## Action item
A precise copy of the data is required, with every picture left out.

## Given data
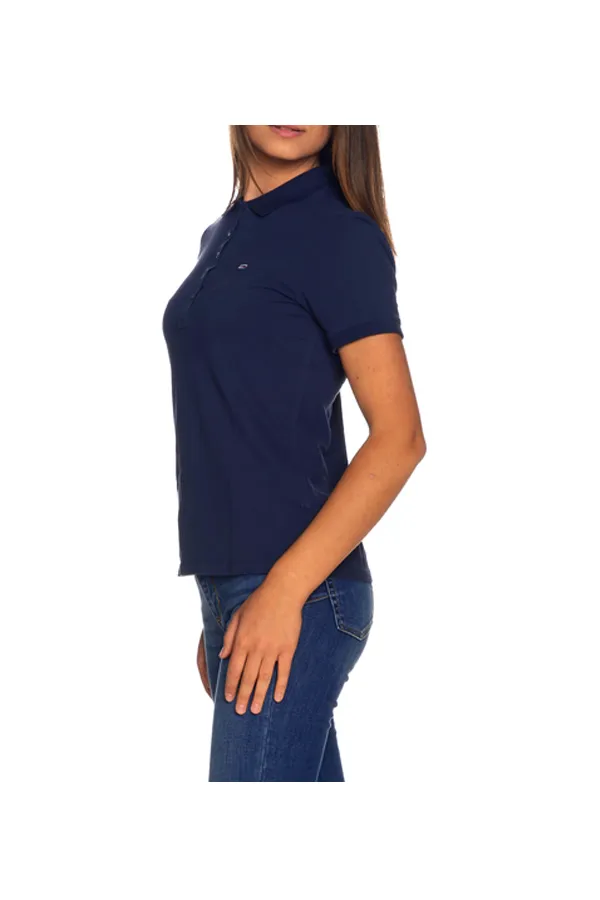 Tommy Hilfiger Women's Navy Slim Fit Pique Polo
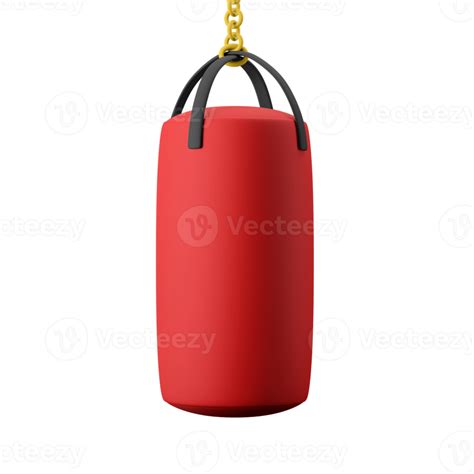 boxing punching bag gym equipment 3d icon illustration 11299703 PNG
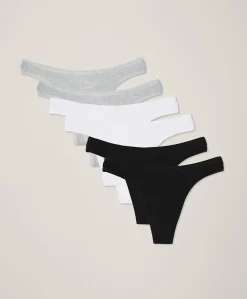Organic Everyday Classic Fit Thong 6-Pack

## Task solution
 Tommy Hilfiger Women's Navy Slim Fit Pique Polo
 boxing punching bag gym equipment 3d icon illustration 11299703 PNG
Organic Everyday Classic Fit Thong 6-Pack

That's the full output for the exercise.